Councillor helped me write letters

Date published: 16 September 2010


Election Court day three: II

The woman who complained about Elwyn Watkins paying staff £3 an hour, less than the minimum wage, admitted she was helped by Labour Councillor John Battye to compose her letters.

Rebecca McGladdery, from Greenacres, made headlines just before the General Election when she appeared on TV and in newspapers saying Mr Watkins had paid staff £2.80 less than the minimum wage when she worked for the Liberal Democrat local party in 2009.

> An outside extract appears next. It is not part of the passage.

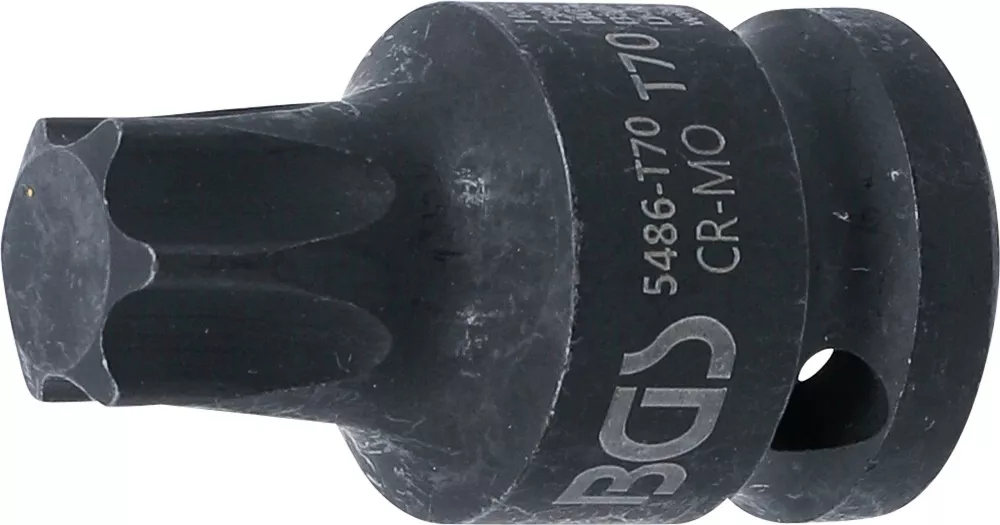 Kraft-Bit-Einsatz, Länge 42 mm, Antrieb Innenvierkant 12,5 mm (1/2"), T-Profil (für Torx) T70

She had gone to work for Mr Woolas’s team in 2010 after harassment from Liberal Democrat supporters, she said, including nuisance phone calls and stones thrown at her windows.

Mr James Laddie QC, for Mr Watkins, asked her about her letter to the Electoral Commission which claimed political donations of £35,000 in cash were not being declared by the Liberal Democrat, with several enclosures, and said: “You didn’t provide these?”

She agreed and added: “It was the person who was helping me, John Battye.”

She said: “I didn’t put the figures in. It was my belief he failed to declare the money.”

Councillor Battye, a former Mayor of Oldham and council leader, was re-elected to the council in May, and was also a part of Mr Woolas’s core election team.

Miss McGladdery admitted she had made also various complaints about Mr Watkins to Oldham and Rochdale Councils, the tax evasion hotline, the benefits hotline, and Her Majesty’s Revenue and Customs.

She agreed she also made complaints about several Oldham councillors, and reported a fellow Liberal Democrat volunteer to the RSPCA for mistreating a cat.

Mr Laddie said when she was questioned at her home by the HMRC investigator about the failure to pay minimum wages the investigator was told it was written by a third party on her behalf, and she was not sure of the contents. She denied saying she was not sure of the contents and said she was unhappy when HMRC decided she was only working as a volunteer, and not entitled to the minimum wage.

He asked her: “Have you been used as a bit of a political pawn by the Labour Party?” But she replied: “Definitely not.” Then he asked her: “Did you go to the Labour Party in order to give Labour a political advantage?” She replied: “I went to ask for help.”

Questioned by Mr Gavin Millar QC for Mr Woolas, she denied inventing the story about harassment, and said she wrote her letters of complaint to public bodies with Councillor Battye as he sat at the computer:

“He asked me a number of questions, I gave him answers, he typed it up on the computer. I read through it, checked the information and signed for it.”

Judge Griffith Williams asked her: “As you were concerned enough to go to Mr Woolas, did you ever ask the Liberal Democrats or Mr Watkins to be paid the minimum wage?” She said: “No. I went because I was being harassed.” And she told Mr Millar she didn’t ask for more because Elwyn Watkins said he could not afford any more.